YORKTOWN AFTERNOON
SATURDAY, SEPTEMBER 15, 2007

Driving out the Colonial Parkway from Williamsburg to Yorktown, you go mostly through
green trees that grow tall on either side of the amalgam surface of the roadway. But when
you get closer to Yorktown, everything opens out to your left and there is the York River.
There's a large white vessel on the horizon just at the end of the distant trees but rather
hard to see.

I zoomed in a bit to show it better but it still barely shows against the pale sky.

We walked along the British lines near the visitor's center...


I liked the look, the shape of this clump of cedar trees.

Behind the visitor's center, the path leads down to a mortar facing the York.
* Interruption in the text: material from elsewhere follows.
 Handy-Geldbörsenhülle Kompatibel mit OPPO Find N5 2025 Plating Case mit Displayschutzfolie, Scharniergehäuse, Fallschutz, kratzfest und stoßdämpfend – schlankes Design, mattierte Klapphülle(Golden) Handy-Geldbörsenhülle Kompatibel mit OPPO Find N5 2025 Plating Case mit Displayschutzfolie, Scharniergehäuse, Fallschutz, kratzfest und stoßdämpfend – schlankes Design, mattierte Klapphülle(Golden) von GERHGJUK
It was the oak, though, more than the mortar that caught my attention.

Looking back at the visitor's center

The York just past the mortar

Looking back at the oak with seedheads of the grasses in the front.

My mother used to call these bushes with purple berries "Beauty Bushes"

More oaks along the earthworks where the British cannons sit

Looking at a distant cannon between two big oaks

The tall seedheads of the grasses were everywhere alongside the narrow dirt path and
I kept letting my hands move over them as I walked along, finally deciding to capture these
two particular ones because I could bend and see them against the sky.

Another oak. When I think of this walk along the top of the earthworks, it will be the oaks
more than the cannons that I'll remember.

A berried dogwood and grass seedheads....

Dogwood in the afternoon glow...




Flag snapping smartly in the breeze near the visitor's center...


I couldn't seem to find my "sense" of Yorktown where we'd been before. Then we drove
here to Surrender Field, parked, and walked down a trail to the viewing place. These are
the woods just to the right of that trail.

The ramp up to the viewing place where the voice of Orson Wells awaits to describe
events on the field that spreads out before you.

Looking at Surrender Field from the end of the viewing site. The British marched from
Yorktown down the road that lies just at the far edge of the field on the right at that line
of distant trees.

Somehow this field, what happened here, was Yorktown for me. I was glad I'd found it at last.


The late afternoon shadows were wonderful.